- **Task directions**
Each entry must be duplicated precisely, with nothing left out.

- **Data for this task**
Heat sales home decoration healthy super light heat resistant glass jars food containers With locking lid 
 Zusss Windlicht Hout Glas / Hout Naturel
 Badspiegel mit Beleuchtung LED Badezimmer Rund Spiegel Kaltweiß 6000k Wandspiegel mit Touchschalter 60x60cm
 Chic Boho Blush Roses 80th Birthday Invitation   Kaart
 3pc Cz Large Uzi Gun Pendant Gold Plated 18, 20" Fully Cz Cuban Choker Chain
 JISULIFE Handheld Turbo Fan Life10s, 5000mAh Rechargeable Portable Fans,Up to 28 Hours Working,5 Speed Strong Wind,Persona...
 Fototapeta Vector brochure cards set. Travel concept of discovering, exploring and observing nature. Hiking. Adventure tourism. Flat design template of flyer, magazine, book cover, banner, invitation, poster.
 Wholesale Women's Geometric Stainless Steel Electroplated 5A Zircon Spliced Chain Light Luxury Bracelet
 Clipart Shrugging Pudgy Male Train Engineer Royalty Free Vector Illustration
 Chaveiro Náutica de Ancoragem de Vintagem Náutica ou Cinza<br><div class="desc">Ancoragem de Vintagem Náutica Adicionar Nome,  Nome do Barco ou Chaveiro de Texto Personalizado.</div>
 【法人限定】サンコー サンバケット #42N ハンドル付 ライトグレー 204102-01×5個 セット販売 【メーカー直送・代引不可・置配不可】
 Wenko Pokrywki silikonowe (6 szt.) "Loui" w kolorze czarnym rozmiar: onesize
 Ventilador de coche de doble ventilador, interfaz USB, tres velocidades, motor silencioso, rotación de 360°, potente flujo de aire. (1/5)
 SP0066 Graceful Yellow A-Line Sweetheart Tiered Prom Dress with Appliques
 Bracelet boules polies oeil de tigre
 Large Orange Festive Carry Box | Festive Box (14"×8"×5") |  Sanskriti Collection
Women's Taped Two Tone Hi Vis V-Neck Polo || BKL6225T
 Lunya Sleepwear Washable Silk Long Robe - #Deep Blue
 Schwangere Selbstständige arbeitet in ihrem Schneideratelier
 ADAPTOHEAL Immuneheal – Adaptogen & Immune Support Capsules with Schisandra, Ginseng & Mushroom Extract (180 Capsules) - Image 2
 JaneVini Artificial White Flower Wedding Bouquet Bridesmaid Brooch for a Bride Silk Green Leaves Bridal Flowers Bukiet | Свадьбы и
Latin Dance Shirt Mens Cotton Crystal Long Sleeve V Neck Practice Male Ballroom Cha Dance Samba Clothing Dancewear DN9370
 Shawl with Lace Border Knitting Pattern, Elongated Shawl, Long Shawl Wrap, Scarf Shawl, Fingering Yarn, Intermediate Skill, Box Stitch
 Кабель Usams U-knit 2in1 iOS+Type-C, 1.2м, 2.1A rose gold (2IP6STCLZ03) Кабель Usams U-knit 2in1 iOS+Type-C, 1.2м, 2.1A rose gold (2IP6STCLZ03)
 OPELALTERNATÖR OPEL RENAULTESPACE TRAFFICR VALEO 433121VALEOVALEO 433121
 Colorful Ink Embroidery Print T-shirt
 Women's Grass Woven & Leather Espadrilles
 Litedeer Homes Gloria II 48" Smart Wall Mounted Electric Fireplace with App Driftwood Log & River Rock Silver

- **Output for this task**
Heat sales home decoration healthy super light heat resistant glass jars food containers With locking lid 
 Zusss Windlicht Hout Glas / Hout Naturel
 Badspiegel mit Beleuchtung LED Badezimmer Rund Spiegel Kaltweiß 6000k Wandspiegel mit Touchschalter 60x60cm
 Chic Boho Blush Roses 80th Birthday Invitation   Kaart
 3pc Cz Large Uzi Gun Pendant Gold Plated 18, 20" Fully Cz Cuban Choker Chain
 JISULIFE Handheld Turbo Fan Life10s, 5000mAh Rechargeable Portable Fans,Up to 28 Hours Working,5 Speed Strong Wind,Persona...
 Fototapeta Vector brochure cards set. Travel concept of discovering, exploring and observing nature. Hiking. Adventure tourism. Flat design template of flyer, magazine, book cover, banner, invitation, poster.
 Wholesale Women's Geometric Stainless Steel Electroplated 5A Zircon Spliced Chain Light Luxury Bracelet
 Clipart Shrugging Pudgy Male Train Engineer Royalty Free Vector Illustration
 Chaveiro Náutica de Ancoragem de Vintagem Náutica ou Cinza<br><div class="desc">Ancoragem de Vintagem Náutica Adicionar Nome,  Nome do Barco ou Chaveiro de Texto Personalizado.</div>
 【法人限定】サンコー サンバケット #42N ハンドル付 ライトグレー 204102-01×5個 セット販売 【メーカー直送・代引不可・置配不可】
 Wenko Pokrywki silikonowe (6 szt.) "Loui" w kolorze czarnym rozmiar: onesize
 Ventilador de coche de doble ventilador, interfaz USB, tres velocidades, motor silencioso, rotación de 360°, potente flujo de aire. (1/5)
 SP0066 Graceful Yellow A-Line Sweetheart Tiered Prom Dress with Appliques
 Bracelet boules polies oeil de tigre
 Large Orange Festive Carry Box | Festive Box (14"×8"×5") |  Sanskriti Collection
Women's Taped Two Tone Hi Vis V-Neck Polo || BKL6225T
 Lunya Sleepwear Washable Silk Long Robe - #Deep Blue
 Schwangere Selbstständige arbeitet in ihrem Schneideratelier
 ADAPTOHEAL Immuneheal – Adaptogen & Immune Support Capsules with Schisandra, Ginseng & Mushroom Extract (180 Capsules) - Image 2
 JaneVini Artificial White Flower Wedding Bouquet Bridesmaid Brooch for a Bride Silk Green Leaves Bridal Flowers Bukiet | Свадьбы и
Latin Dance Shirt Mens Cotton Crystal Long Sleeve V Neck Practice Male Ballroom Cha Dance Samba Clothing Dancewear DN9370
 Shawl with Lace Border Knitting Pattern, Elongated Shawl, Long Shawl Wrap, Scarf Shawl, Fingering Yarn, Intermediate Skill, Box Stitch
 Кабель Usams U-knit 2in1 iOS+Type-C, 1.2м, 2.1A rose gold (2IP6STCLZ03) Кабель Usams U-knit 2in1 iOS+Type-C, 1.2м, 2.1A rose gold (2IP6STCLZ03)
 OPELALTERNATÖR OPEL RENAULTESPACE TRAFFICR VALEO 433121VALEOVALEO 433121
 Colorful Ink Embroidery Print T-shirt
 Women's Grass Woven & Leather Espadrilles
 Litedeer Homes Gloria II 48" Smart Wall Mounted Electric Fireplace with App Driftwood Log & River Rock Silver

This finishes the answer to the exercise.